Искренне сожалею, что прекратил дневник свой, постараюсь воспоминаниями пополнить пробелы и рассказать, что помню, о главнейших обстоятельствах, ознаменовавших конец 1858-го и весь 1859-й и 1860-й годы. Крестьянский вопрос преимущественно сосредоточивал на себе внимание России. Редакционная комиссия работала с усиленной энергией, душою ее были Милютин, Черкасский и Самарин. Для истории деятельности этой Комиссии остается много материалов, как в напечатанных трудах ее, так, вероятно, в частных мемуарах и записках. Но только современники и близкие свидетели главнейших тружеников по этому делу могут оценить их заслуги. Все невидимые, неосязаемые и ежедневные затруднения, противодействия, с которыми им приходилось бороться, были непомерны. Я лично не принимал непосредственного участия в работе Редакционной комиссии, но, будучи тесной дружбой связан с главнейшими деятелями, я постоянно следил за их работами, участвовал в спорах и совещаниях их и помогал, насколько мог, отражать и удержать их от нападков клеветы, лжи и всякого рода интриг. Обстоятельства дали мне возможность быть в этом случае полезным.
После возвращения моего из-за границы я попал в большую милость при дворе. Государь и в особенности императрица были очень ко мне милостивы и очень часто приглашали к обеду. Все это знали. Это придавало мне некоторое значение в отношениях с людьми, но, кроме того, зная, к какой партии я принадлежу, многие видели в моем успехе доброжелательство и к моим приятелям.

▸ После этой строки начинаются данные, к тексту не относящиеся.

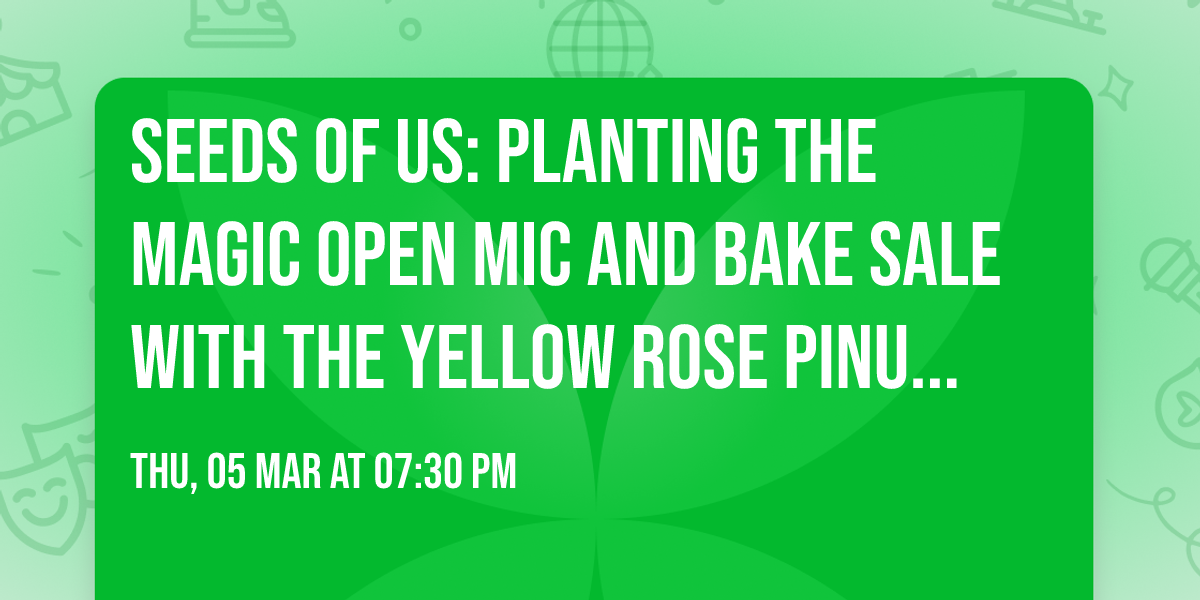Seeds of Us: Planting the Magic Open Mic and Bake Sale with The Yellow Rose Pinup Society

Помню, однажды, в начале осени 1858-го года, был я с докладом у великого князя в Стрельне, в это время приехала туда вдовствующая императрица Александра Федоровна, с которой я не был вовсе знаком, ибо при Николае ко двору не ездил. Великий князь меня ей представил. Они пробыли в Стрельне полчаса и отправились назад в Петергоф. Великий князь, вернувшись в кабинет, сказал мне: «Матушка просит вас к ней сейчас поехать чай пить». Я был в сюртуке[132] и вовсе не готовился к придворному вечеру. Однако делать было нечего, и я сейчас же отправился в Петергоф, в Александрию. У императрицы никого гостей не было, одна дежурная фрейлина разливала чай, и я, таким образом, провел вечер в разговорах с прелюбезной, как оказалось, старушкой, которая очень рада была видеть свежего человека. Я заметил, что она не прочь была посмеяться и даже очень легко смеется, поэтому мне нетрудно было ее посмешить. Старушке, кажется, я понравился, потому что после этого она несколько раз приглашала меня в городе в Аничков дворец, где она жила после смерти покойного государя. Я несколько вечеров читал ей повести Тургенева. Так я познакомился под конец ее жизни с императрицей Александрой Федоровной, и так как она представилась мне без всякого блеска ее прежнего величия, то и оставила во мне впечатление доброй старушки, без всяких серьезных мыслей и всякого определенного направления. По-видимому, она никогда не имела и не могла иметь какого-нибудь влияния на общественные дела. Я, однако, мог заметить в ней какое-то неопределенное неудовольствие против современных нововведений, но это скорее был просто бессознательный протест старушки, недовольной видом новых форм обмундирования, новых порядков в распределении занятий дня и проч. и проч…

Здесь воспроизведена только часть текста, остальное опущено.